Answer. Yes, there is an example. Let $k$ be a field, let $R = k [a, b] / (a^2, a b, b^2)$, $A = R [x] / (a - b x, x^2)$, $B = R [y] / (b - a y, y^2)$; then $$A \otimes_R B \cong R [x, y] / (a - b x, x^2, b - a y, y^2) \cong k [a, b, x, y] / (a^2, a b, b^2, a - b x, x^2, b - a y, y^2)$$ but \begin{align} a & = (a - b x) + (b - a y) x + (a - b x) x y + (x^2) b y \\ b & = (b - a y) + (a - b x) y + (b - a y) x y + (y^2) a x \end{align} so $(a, b) \subseteq \ker (R \to A \otimes_R B)$. (Actually, since $A \otimes_R B \ne \{ 0 \}$, the kernel is exactly $(a, b)$.) In particular, $R \to A \otimes_R B$ is not injective.


Notice that in the above example, the problematic elements of $R$ are nilpotent.

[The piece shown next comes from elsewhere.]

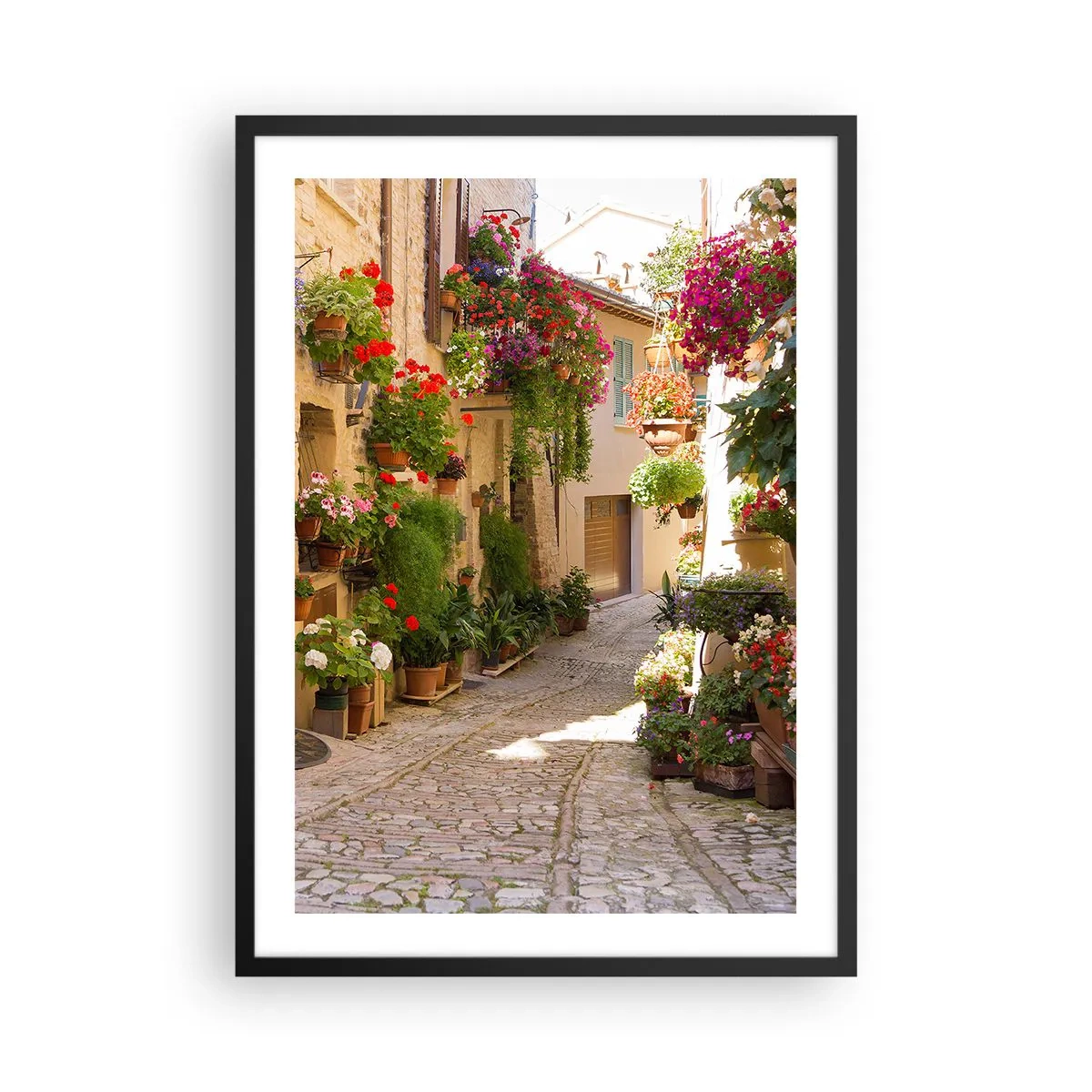 Plagát v čiernom ráme - Kvetinová ulica s kamennou dlažbou a kvetináčmi - 50x70cm - V záplave kvetov - Moderná nástenná dekorácia do obývacej izby a spálne ARTTOR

In fact, this is the only possibility, at least when $R$ is noetherian and both $A$ and $B$ are finitely generated $R$-algebras. This is best understood geometrically.

Consider pullback diagram of noetherian affine schemes where all morphisms are of finite type, say: $$\require{AMScd} \begin{CD} X \times_S Y @>>> Y \\ @VVV @VVV \\ X @>>> S \end{CD}$$ Suppose $X \to S$ and $Y \to S$ are dominant (which is a weaker condition than having scheme-theoretic image equal to $S$). By Chevalley's theorem, the set-theoretic images of $X \to S$ and $Y \to S$ are constructible, so both contain a dense open subset of $S$. Since the intersection of dense open subsets is dense, it follows that $X \times_S Y \to S$ is dominant, as required. Thus, the ideal sheaf of the scheme-theoretic image of $X \times_S Y \to S$ be contained in the nilradical.


Bonus answer. A logical argument (namely, compactness) shows that if there is an example where $A \otimes_R B = \{ 0 \}$, then there must be an example where $R$, $A$ and $B$ are finitely presented as commutative rings. But then we are in the above situation, so $A \otimes_R B = \{ 0 \}$ implies that $1$ is nilpotent, i.e. $R = \{ 0 \}$.